After facing increasing difficulty building the Sophgo 6.6 fork with a modern toolchain, I decided to try out the latest upstream effort from @unicornx seeing as the final major piece, PCIe, is supposedly ready to go. I built the kernel using the defconfigand enabled all the SG2042-related drivers I could find:
Using the latest Sophgo ZSBL, upstream OpenSBI, and sg2042-milkv-pioneer.dtb from the Linux sources, the kernel boots, but consistently hangs initilaizing the third PCIe RC. It always hangs after “Link up” and does not respond to any of the watchdog settings I applied or SysRq triggers. If I disable that specific controller in the device tree, it completes booting, but of course, there’s no NVME or other devices that sit behind that controller. I’ve exhausted all of my debugging experience, so I just wanted to see if anyone here has gotten it to work.

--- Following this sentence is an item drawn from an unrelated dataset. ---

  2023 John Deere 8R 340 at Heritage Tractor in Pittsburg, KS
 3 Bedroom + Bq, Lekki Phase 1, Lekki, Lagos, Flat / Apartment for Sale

Thank you. I didn’t see anything in Revy’s fork that wasn’t in your 6.18-rc branch, but I tried it just in case and it hangs at the exact same spot immediately after initializing the last pci controller:
[ 2.457755] sg2042-pcie 7062800000.pcie: host bridge /soc/pcie@7062800000 ranges:
[ 2.465438] sg2042-pcie 7062800000.pcie: IO 0x4cc0c00000..0x4cc0ffffff -> 0x0000000000
[ 2.474041] sg2042-pcie 7062800000.pcie: MEM 0x4cf8000000..0x4cfbffffff -> 0x00f8000000
[ 2.482615] sg2042-pcie 7062800000.pcie: MEM 0x4cfc000000..0x4cffffffff -> 0x00fc000000
[ 2.491178] sg2042-pcie 7062800000.pcie: MEM 0x4e00000000..0x4fffffffff -> 0x4e00000000
[ 2.499739] sg2042-pcie 7062800000.pcie: MEM 0x4d00000000..0x4dffffffff -> 0x4d00000000
[ 2.508314] sg2042-pcie 7062800000.pcie: Memory resource size exceeds max for 32 bits
[ 2.516289] sg2042-pcie 7062800000.pcie: no "phy-names" property found; PHY will not be initialized
[ 2.525509] sg2042-pcie 7062800000.pcie: Link up
<hang>
I did a little more debugging and found the hang to happen in the cdns_pcie_host_init_address_translation (drivers/pci/controller/cadence/pcie-cadence-host.c) function at:
Interestingly, this function has not changed between 6.6 (working) and 6.18 (not working) so I’m digging through other changes to try to understand what is influencing this new, faulty behavior.